Material supplied:

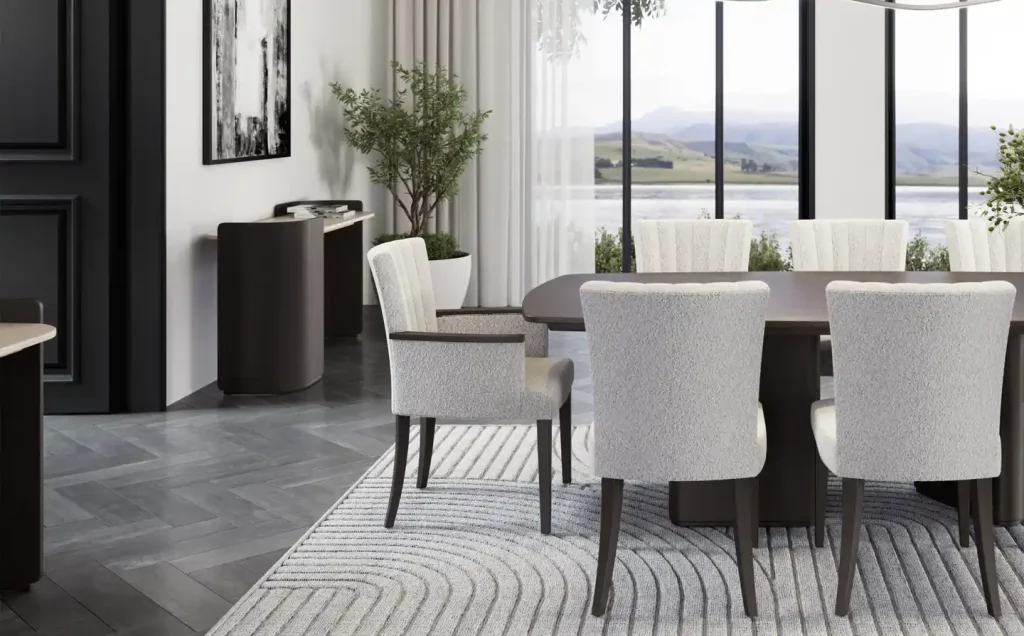 Adriana Hoyos dining room with white chairs and a table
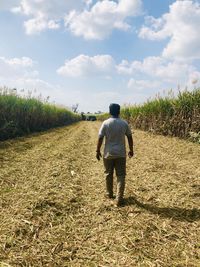 Rear view of man walking on field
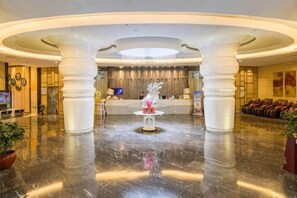 Un'ampia hall con una reception centrale, imponenti colonne bianche e un pavimento in marmo lucidato.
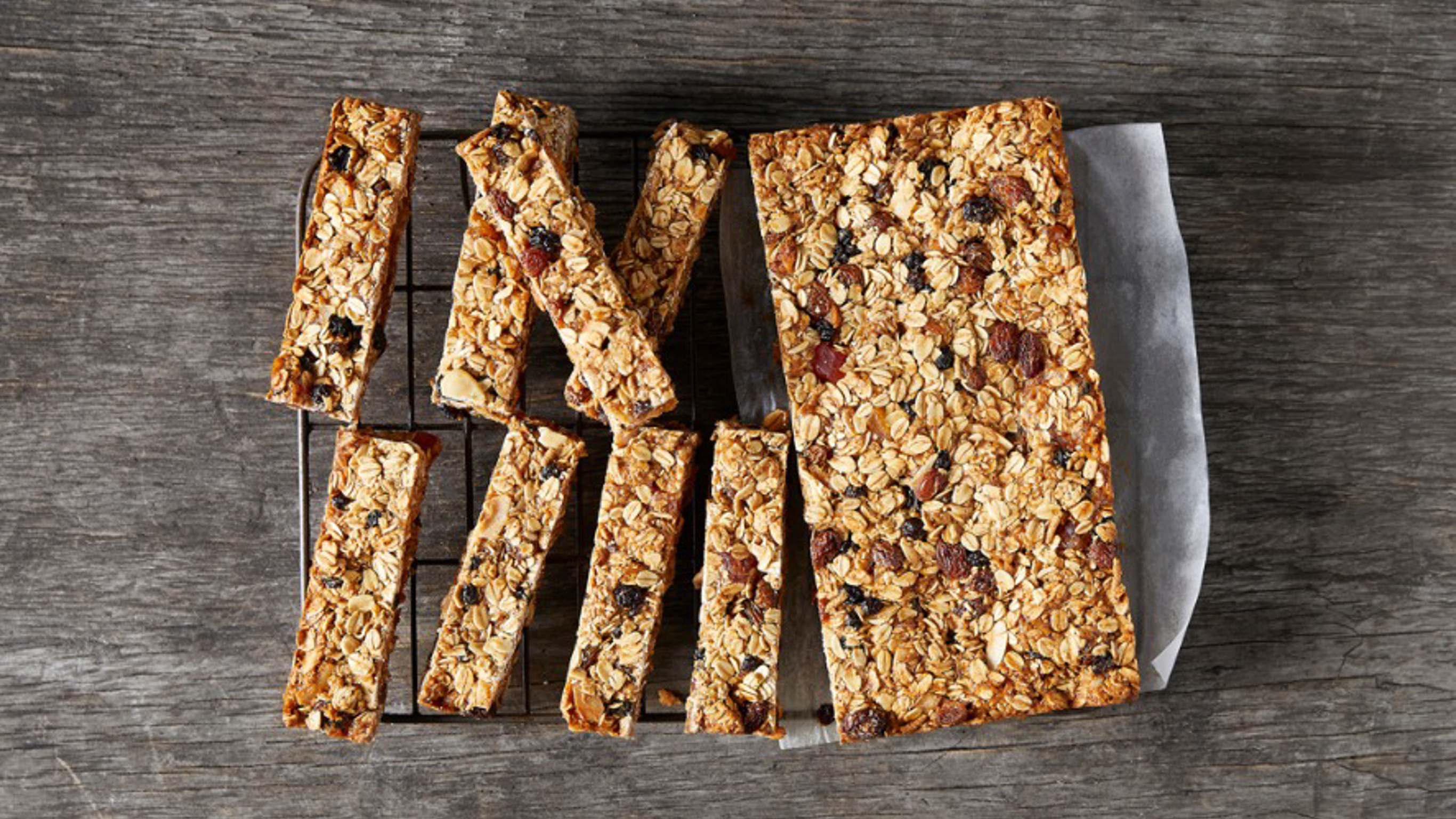 A fruit and nut bar has been chopped into smaller snack sizes ready to eat.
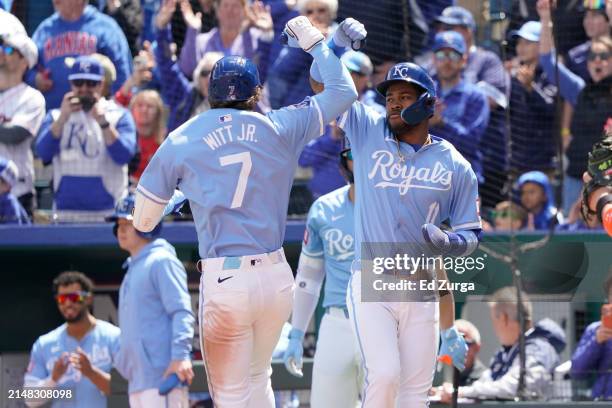 Bobby Witt Jr. #7 of the Kansas City Royals celebrates his two-run home run with Maikel Garcia in the first inning against the Houston Astros at...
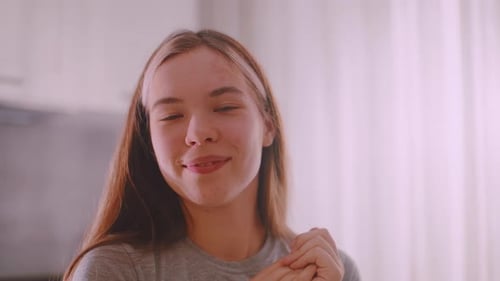 Teenage Girl Smiling in a Bright Indoor Setting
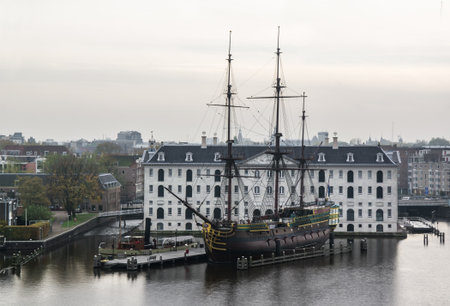 Replica of a wooden ship in front of museum in Amsterdamのeditorial素材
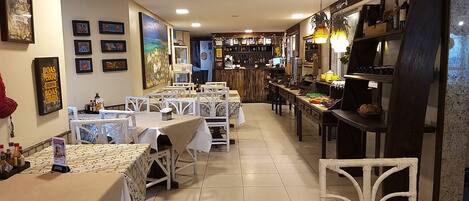 A restaurant with multiple tables and chairs, a bar area, and various framed pictures on the walls.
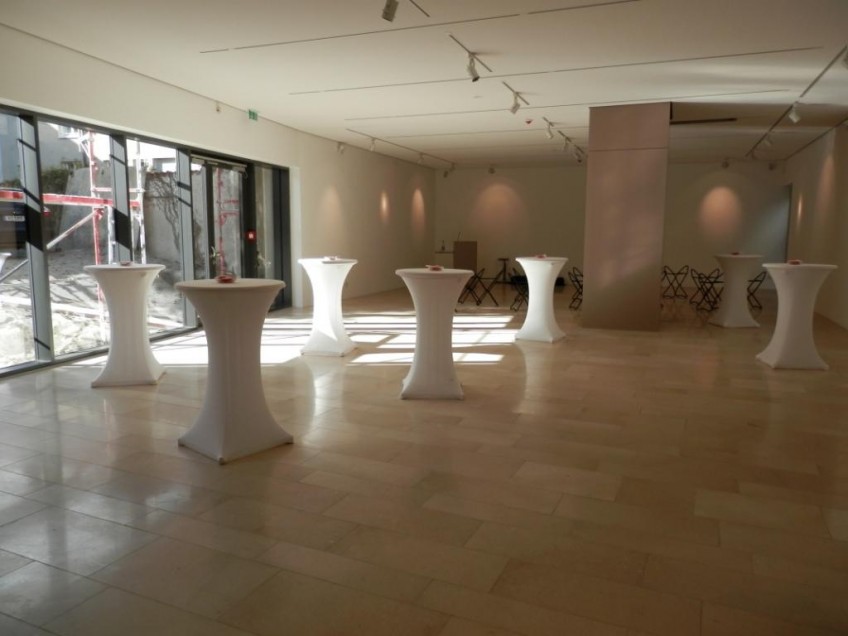 Blick in den Sonderausstellungsraum mit sieben Stehtischen ausgestattet, links Blick durchs Fenster in den verschneiten Museumshof, die Sonne scheint in den Ausstellungsraum, im Hintergrund Bestuhlung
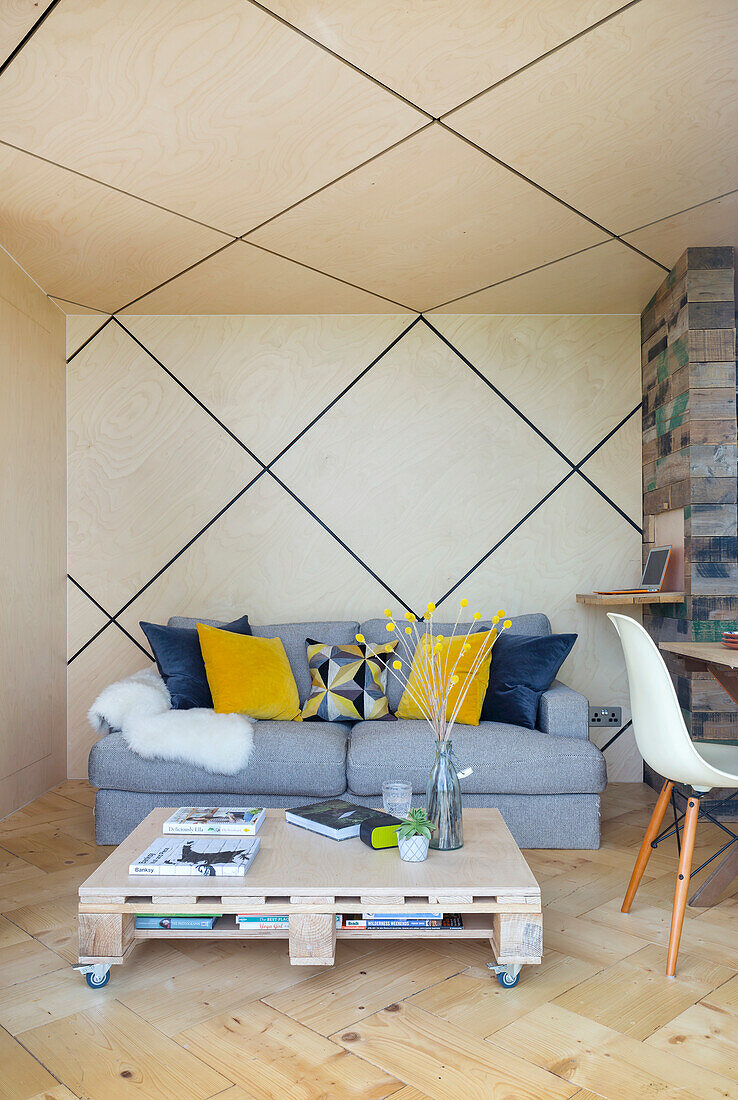 Graues Polstersofa und Palettentisch in offenem Wohnraum, rautenförmige Decke mit LED-Leisten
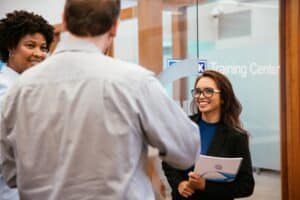 Three atwork coworkers talking with one another in the lobby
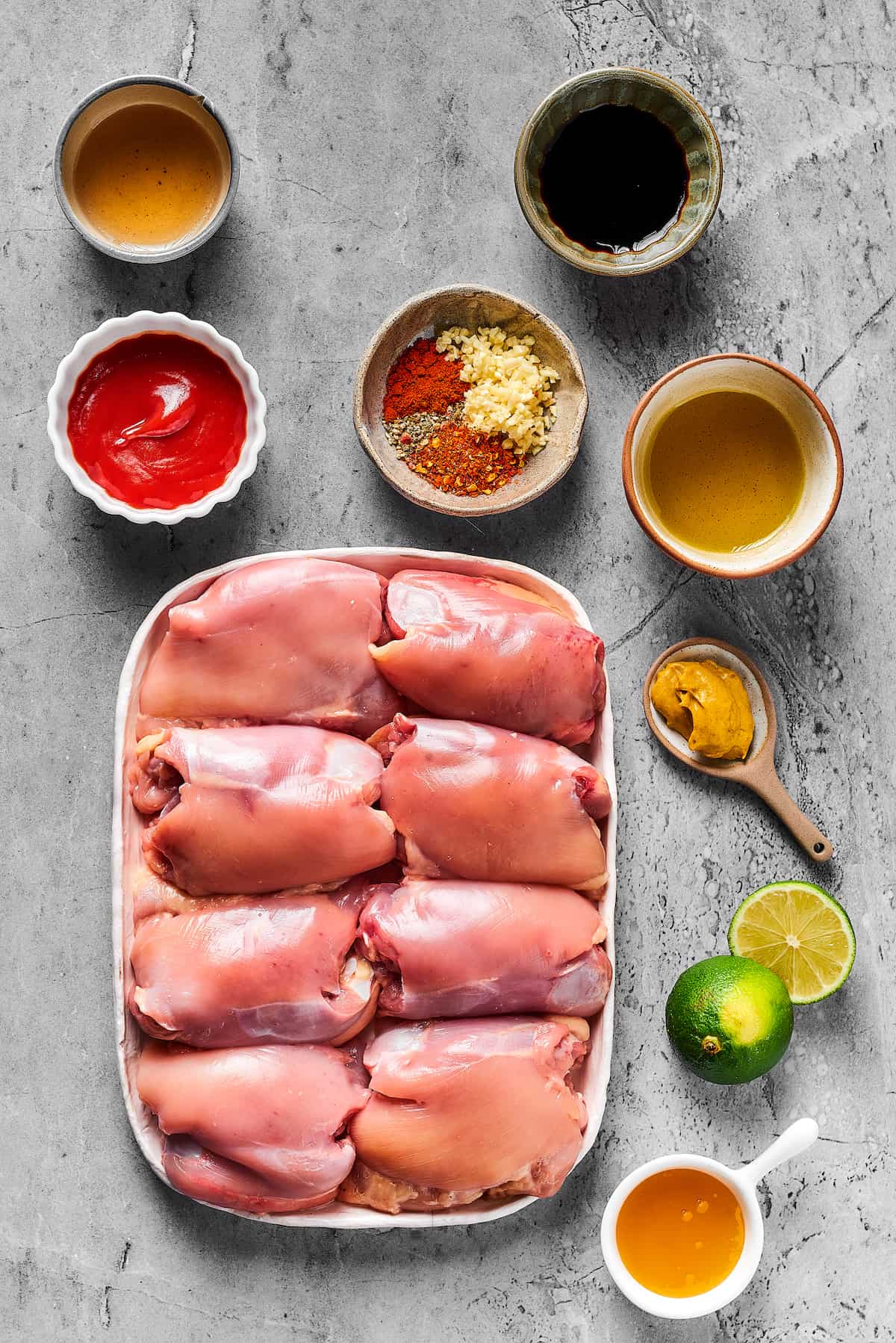 From top left: Olive oil, soy sauce, ketchup, seasonings, honey, dijon mustard, lime, rice vinegar, chicken thighs.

Instructions for the task:
Within the material above, find the part that opens with the line containing "A fruit and" and closes with the line containing "Teenage Girl Smiling", and reproduce it exactly without the pictures.

Result for this task:
 A fruit and nut bar has been chopped into smaller snack sizes ready to eat.
 Bobby Witt Jr. #7 of the Kansas City Royals celebrates his two-run home run with Maikel Garcia in the first inning against the Houston Astros at...
 Teenage Girl Smiling in a Bright Indoor Setting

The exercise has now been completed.